13. A communication method for implementation by an interferer terminal attached to a cell of a cellular telecommunications network and uniquely identified in this cell by a dedicated temporary network identifier, said cell being controlled by a base station, and the interferer terminal being capable of interfering with at least one communication established by another terminal of said cell or of a neighbor cell to this cell, the communication method comprising: decoding a first physical control channel using the dedicated temporary network identifier, this first physical control channel having a predetermined format and comprising a condensed representation of a open temporary network identifier allocated to the interferer terminal by the base station and published or intended to be published by the latter; on detection of the predetermined format of the first physical control channel: determining the open temporary network identifier allocated to the interferer terminal from said condensed representation contained in the first physical channel; and decoding a second physical control channel using the open temporary network identifier thus determined, this second physical control channel allocating transmission resources for transmission over the cellular network to the interferer terminal; and using the transmission resources allocated in this second channel to communicate over the cellular network.

14. A terminal attached to a cell of a cellular telecommunications network and uniquely identified on this cell by a dedicated temporary network identifier, said cell being controlled by a base station and said interferer terminal being capable of interfering with at least one communication established by another terminal attached to said cell and/or to a neighbor cell to said cell, said terminal comprising a processor and a memory, wherein the processor: decodes a first physical control channel using the dedicated temporary network identifier, this first physical control channel having a predetermined format and comprising a condensed representation of an open temporary network identifier allocated to the interferer terminal by the base station, and published or intended to be published by the latter; on detection of the predetermined format of the first physical control channel, determines the open temporary network identifier from the condensed representation contained in the first physical control channel; on detection of the predetermined format of the first physical control channel, decodes a second physical control channel using the determined open temporary network identifier, this second physical control channel allocating transmission resources over the cellular network to the interferer terminal; and uses the transmission resources allocated in this second channel for communicating over the cellular network.

15. A system of a cellular telecommunications network comprising: a base station according to claim 12 controlling at least one cell of the cellular telecommunications network; an interferer terminal according to claim 14 attached to said cell; and a terminal interfered on by said interferer terminal, said interfered terminal being attached to the cell of the interferer terminal or to a neighbor cell of the network, and able to implement an interference cancellation technique using the open temporary network identifier allocated to the interferer terminal and published by the base station.
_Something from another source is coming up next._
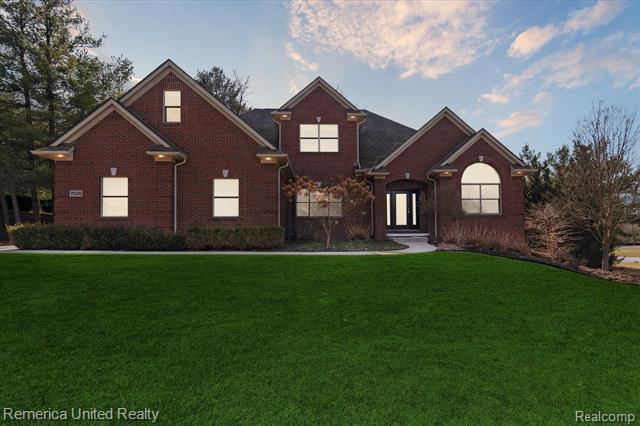 front view picture of 7036 Forest Way, Brighton, MI. 48116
16. The signaling method according to claim 1, wherein the dedicated temporary network identifier is reserved to the interferer terminal and uniquely identifies the interferer terminal on the cell controlled by the base station.
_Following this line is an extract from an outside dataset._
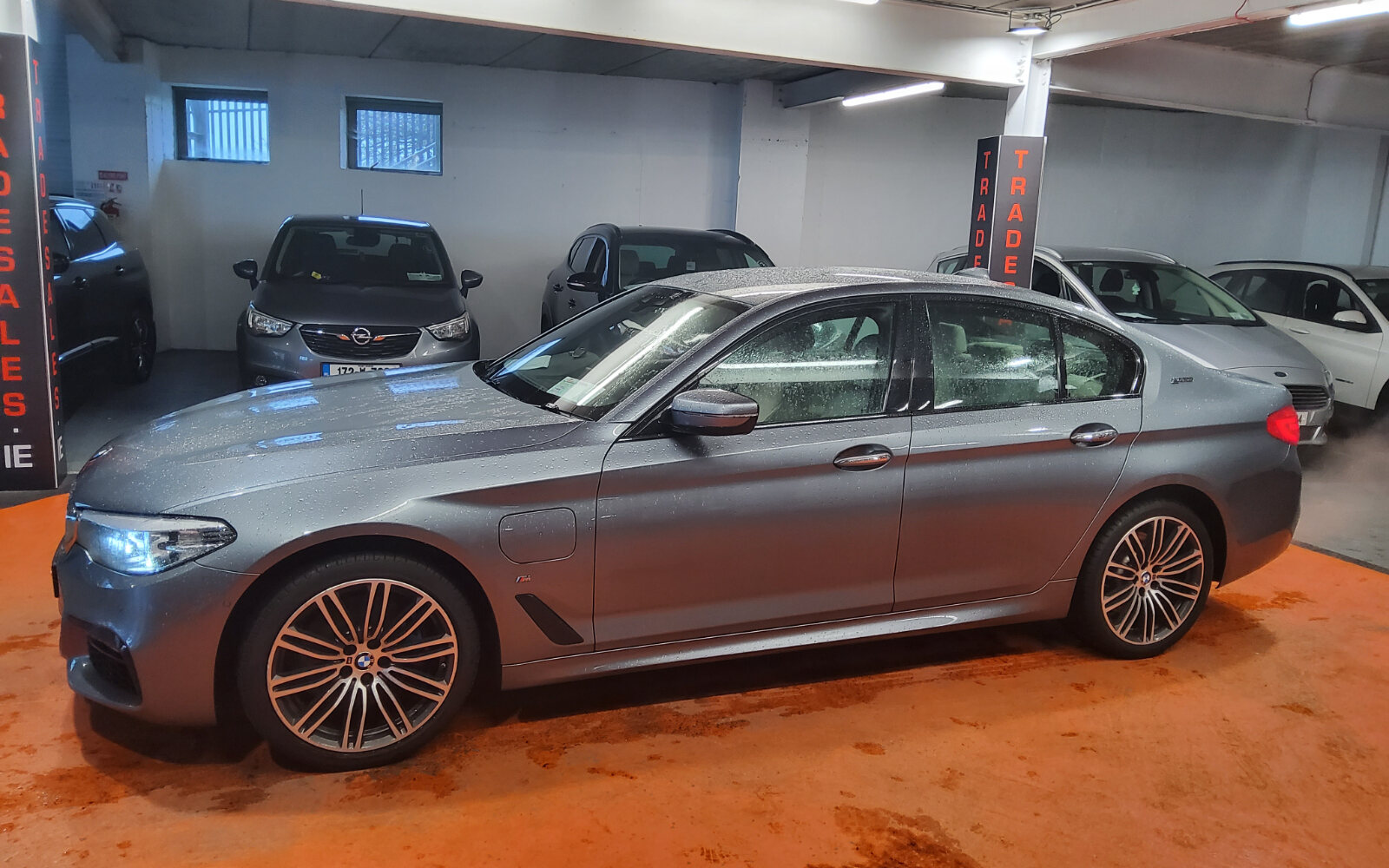 BMW 5-Series 530e M Sport Auto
17. The base station according to claim 12, wherein the dedicated temporary network identifier is reserved to the interferer terminal and uniquely identifies the interferer terminal on the cell controlled by the base station.
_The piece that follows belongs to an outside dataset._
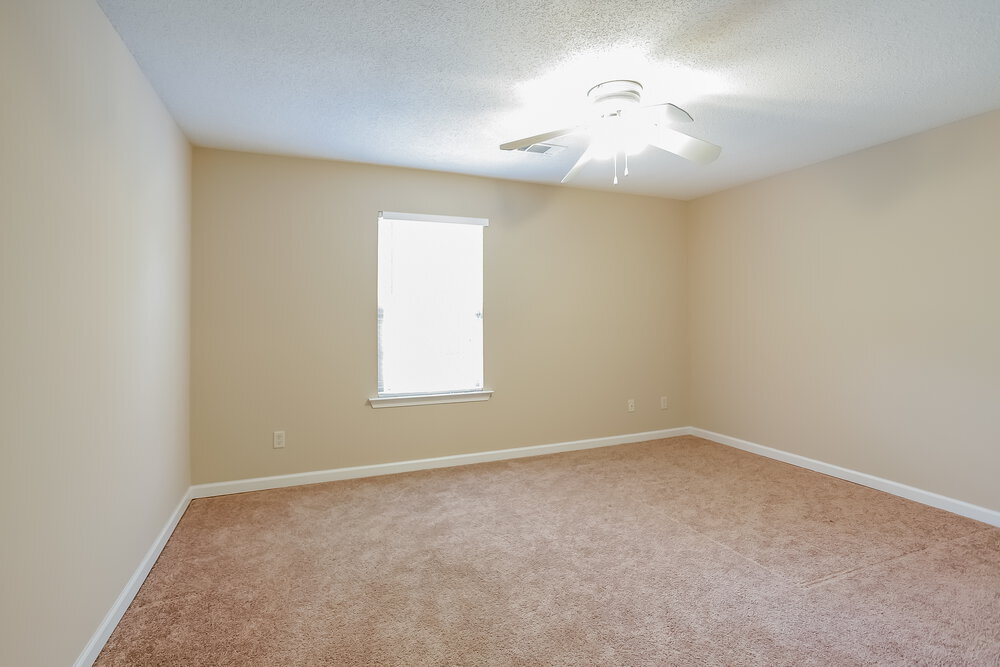 Building Photo - 6257 Saddletrail Dr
18. The communication method according to claim 13, wherein the dedicated temporary network identifier is reserved to the interferer terminal and uniquely identifies the interferer terminal on the cell controlled by the base station.

19. The terminal according to claim 14, wherein the dedicated temporary network identifier is reserved to the interferer terminal and uniquely identifies the interferer terminal on the cell controlled by the base station.

Description

BRIEF DESCRIPTION OF THE DRAWINGS

(1) Other features and advantages of the present invention will become apparent from the description given below, with reference to the appended drawings which illustrate embodiments thereof which are in no way limiting in nature. In the figures:

(2) FIG. 1 schematically represents a system of a telecommunications network, a base station and a terminal in accordance with the invention, in a particular embodiment;

(3) FIGS. 2 and 3 schematically represent the hardware architecture of the base station and the terminal illustrated in FIG. 1;

(4) FIG. 4 represents, in the form of a block diagram, the main steps of a signaling method in accordance with the invention in a particular embodiment wherein it is implemented by the base station in FIG. 1;

(5) FIG. 5 represents, in the form of a block diagram, the main steps of a communication method in accordance with the invention in a particular embodiment wherein it is implemented by the base station in FIG. 1; and

(6) FIGS. 6A and 6B present examples of predetermined formats of the physical control channel which can be used in the context of the invention.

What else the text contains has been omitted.